> To do
The whole listing below, with no pictures, is to be repeated as it stands.

> Data segment
************

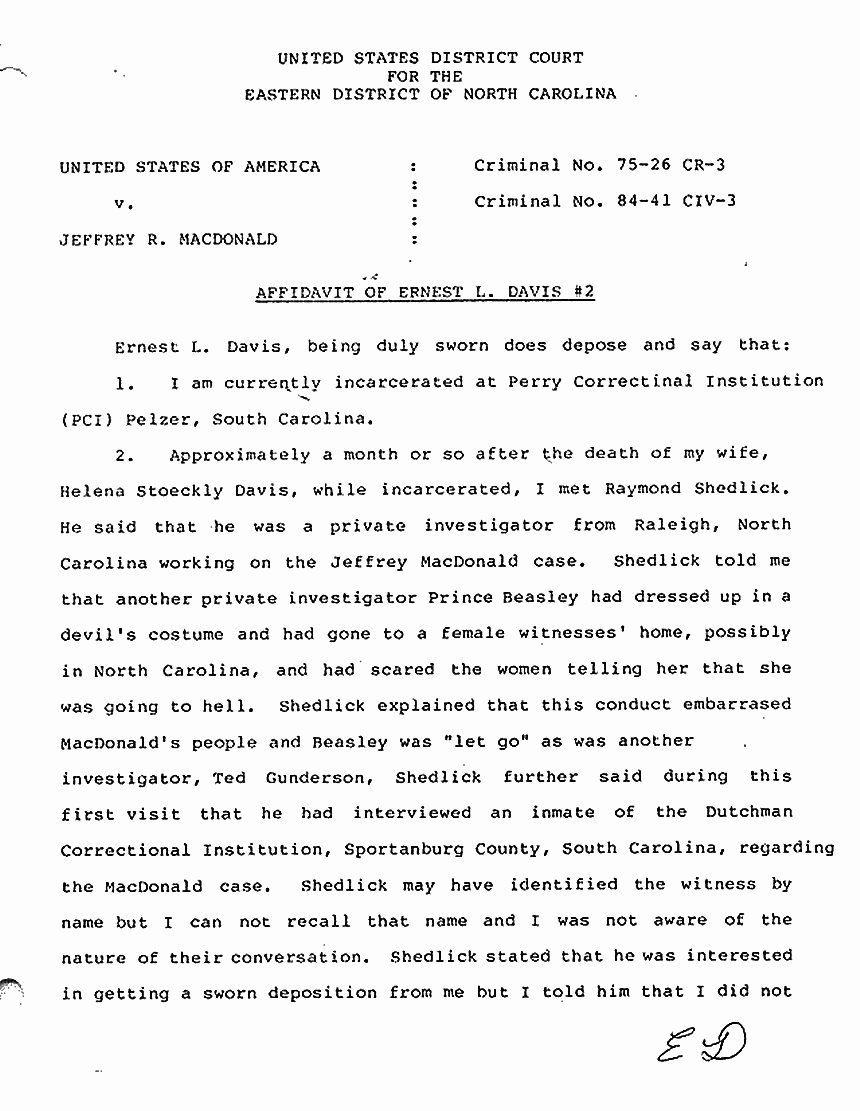 July 9, 1984: Affidavit #2 of Ernest Davis re: Ray Shedlick, Helena Stoeckley and Prince Beasley p. 1 of 4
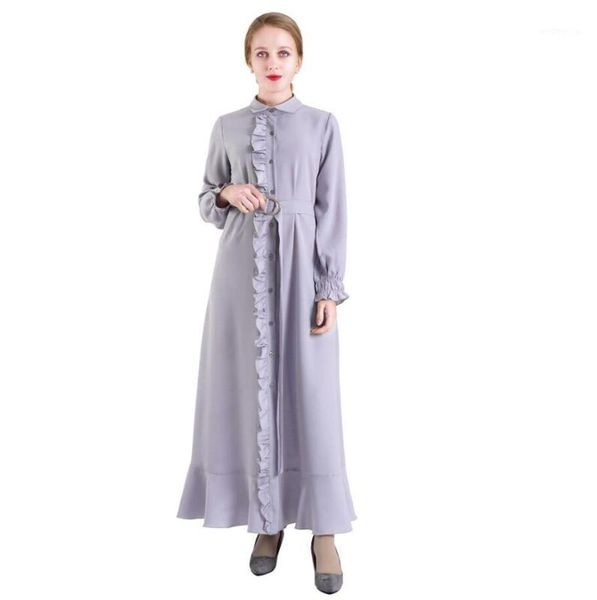 

arabic islamic dubai kaftan abaya middle eastern muslim dress women moroccan rufflse stitching turkey elegant dress a13881, Red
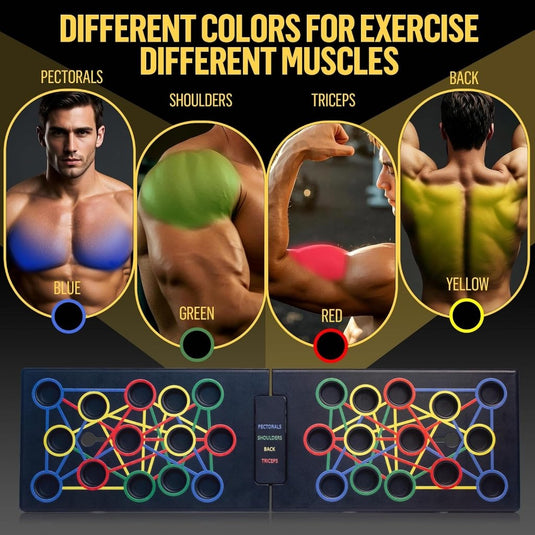Opvouwbaar push-up board 24-in-1 met verstelbare handgrepen tot 300 kg – opdrukplank – krachttraining - happygetfit.com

************

> Solution
 July 9, 1984: Affidavit #2 of Ernest Davis re: Ray Shedlick, Helena Stoeckley and Prince Beasley p. 1 of 4

arabic islamic dubai kaftan abaya middle eastern muslim dress women moroccan rufflse stitching turkey elegant dress a13881, Red
Opvouwbaar push-up board 24-in-1 met verstelbare handgrepen tot 300 kg – opdrukplank – krachttraining - happygetfit.com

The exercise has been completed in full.